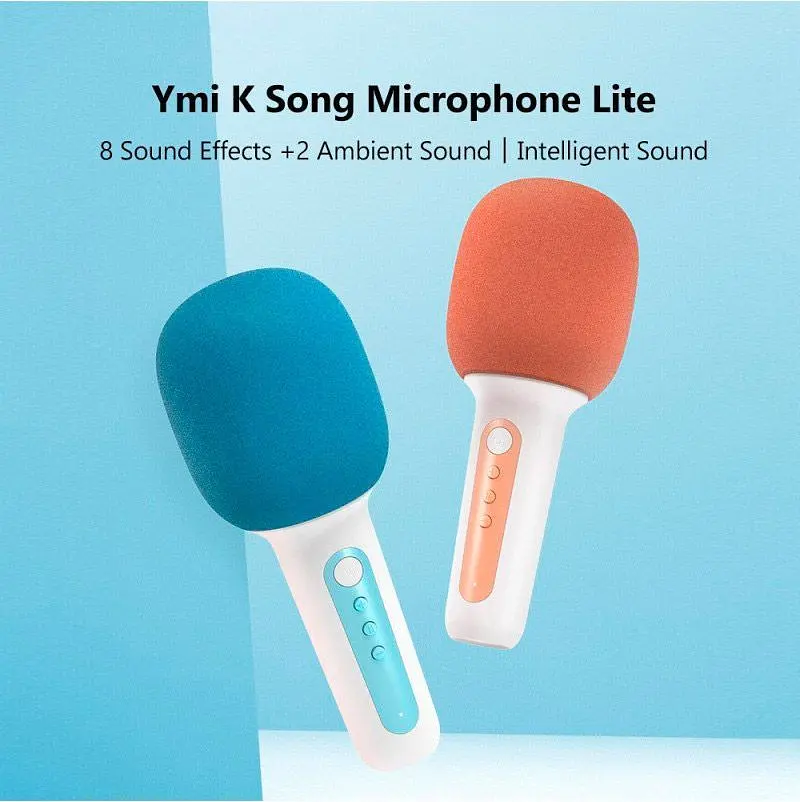 Микрофон с караоке Xiaomi Yhemi Lite Powdery Orange [YMMKF007] [89097] - фото 4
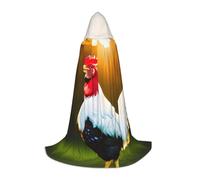 NBAGHPQ Capa con capucha de carnaval con estampado de gallo Shine para cosplay, festivales, eventos al aire libre, ropa de moda
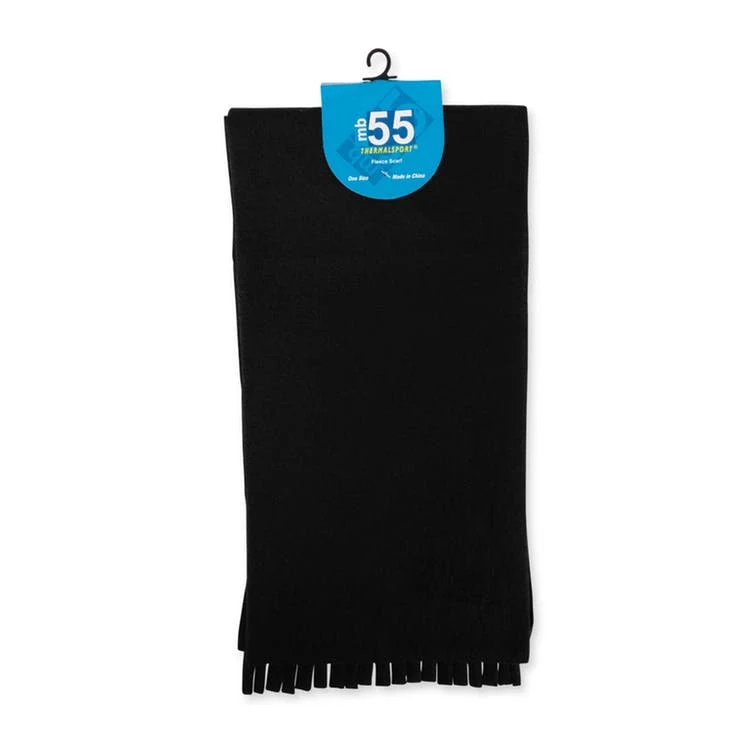 Adult Fleece Scarves - Black 58" x 7.5" 1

- **TASK BRIEF**:
Could you print the data exactly as it appears and keep the pictures out?

- **EXERCISE RESPONSE**:
 Микрофон с караоке Xiaomi Yhemi Lite Powdery Orange [YMMKF007] [89097] - фото 4
 NBAGHPQ Capa con capucha de carnaval con estampado de gallo Shine para cosplay, festivales, eventos al aire libre, ropa de moda
 Adult Fleece Scarves - Black 58" x 7.5" 1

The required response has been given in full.